Nationwide the OxyContin maker as well as other drug manufacturers and distributors face about 2,000 lawsuits related to allegations that they contributed to the opioid crisis through negligent marketing, fraud and unjust enrichment.
A bankruptcy filing by a defendant in such situations is always a possibility since the potential financial impact on companies in this type of tort litigation is substantial and future exposure is hard to calculate. The same thing happened in 1982 over asbestos litigation, in 1985 over flawed intrauterine devices and in 2017 over defective Takata airbags.
In a recent paper I argued that successful outcomes for the opioid litigation have always been fraught with uncertainty.

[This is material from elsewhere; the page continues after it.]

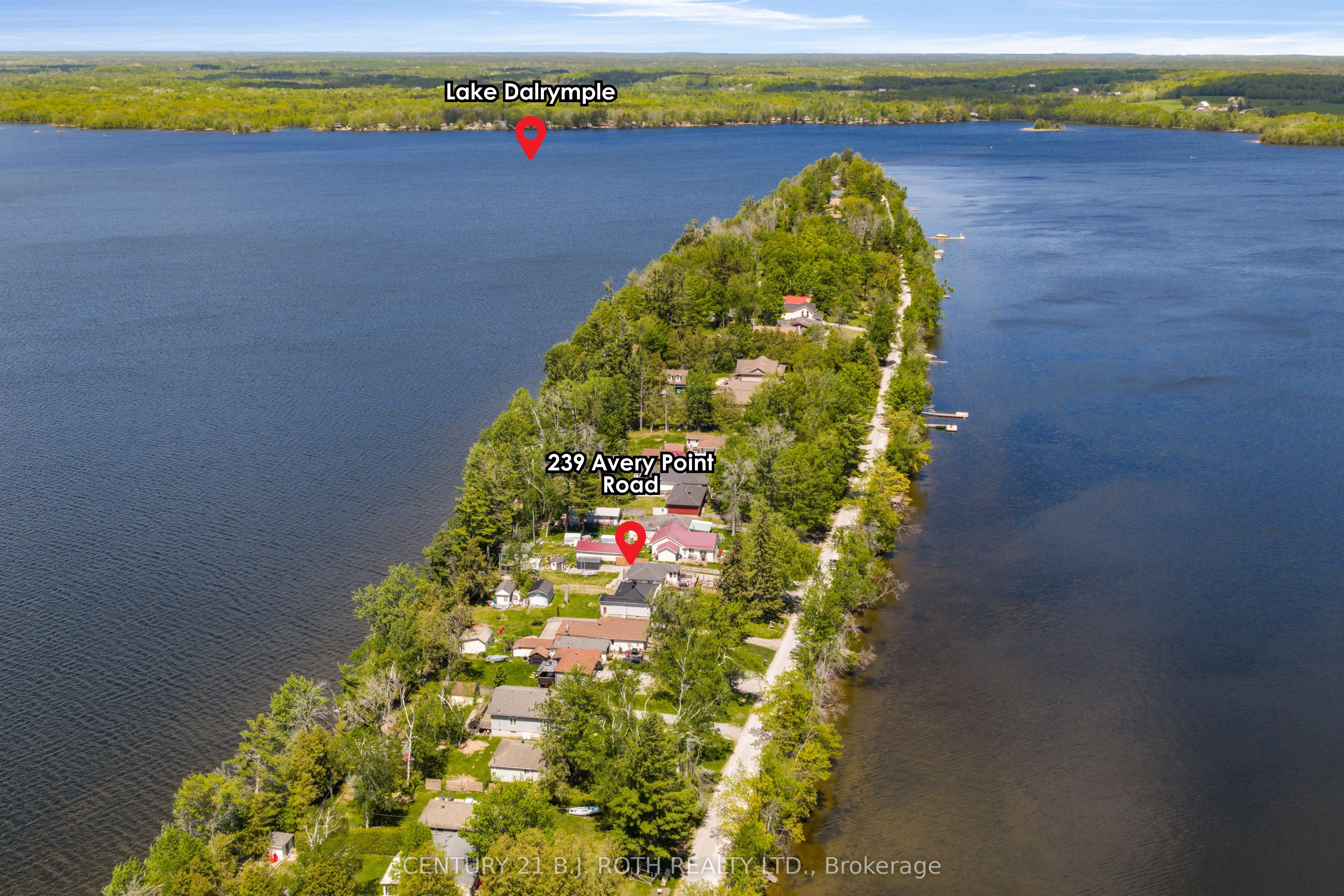 239 Avery Point Road, Kawartha Lakes, ON L0K 1W0 photo 2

While a bankruptcy filing would definitely affect any litigation or settlement, it doesn’t mean plaintiffs wouldn’t get any compensation. It would mean, however, that there may be less money to go around and that plaintiffs would have to wait longer for a resolution of their cases.
Litigating the opioid crisis
A record 48,000 people died of overdoses related to opioids in 2017, including prescription painkillers, heroin and fentanyl. That brings the total number of U.S. deaths since the epidemic began around 20 years ago to almost 400,000, at an estimated cost of US$1 trillion.
As a result, thousands of cities, states, counties and tribal nations that have suffered as a result of the opioid crisis are trying to hold drugmakers responsible and recover some of their health care and law enforcement costs.
The largest lawsuit is taking place in Cleveland and involves more than 1,500 plaintiffs. Originally, these were separate lawsuits, but they were combined using a procedure called multi-district consolidation. Consolidation is designed to promote a global settlement between all the parties, with so-called bellwether trials held to narrow down the issues in dispute.
In addition to the Cleveland case, another 300 have been filed in 45 state courts against most of the same defendants.
Purdue’s road to possible bankruptcy
The possibility that Purdue might enter into Chapter 11 bankruptcy proceedings is not a surprise.
Back in August, the Oklahoma attorney general argued in a filing in his state’s case against opioid manufacturers that Purdue was “trying to buy time so it can move assets and employees overseas … and either file bankruptcy or leave an empty shell here in the United States for all of the victims of its corporate greed.”
While the the Cleveland litigation has stalled, attention has shifted to actions brought by some states, notably those in Massachusetts and Oklahoma.
The Massachusetts complaint made public some incendiary allegations about some members of the Sackler family, which owns Purdue. For example, the Massachusetts attorney general claimed that family members “directed deceptive sales and marketing practices deep within Purdue, sending hundreds of orders to executives and line employees. From the money that Purdue collected selling opioids, they paid themselves and their family billions of dollars.”
Considerable attention has also been paid to the leaked deposition of one of members of the Sackler family in the Oklahoma case. The Oklahoma lawsuit became even more important when it became clear that it would be the first to go to trial. On March 8, a judge ruled against Purdue and other drugmakers that had asked to delay it.
Cases brought by states in their own courts pose great risk to the defendants, a consideration that likely has amplified the bankruptcy chatter. For its part, Purdue “categorically denied” that it would affect its decision on whether to declare bankruptcy.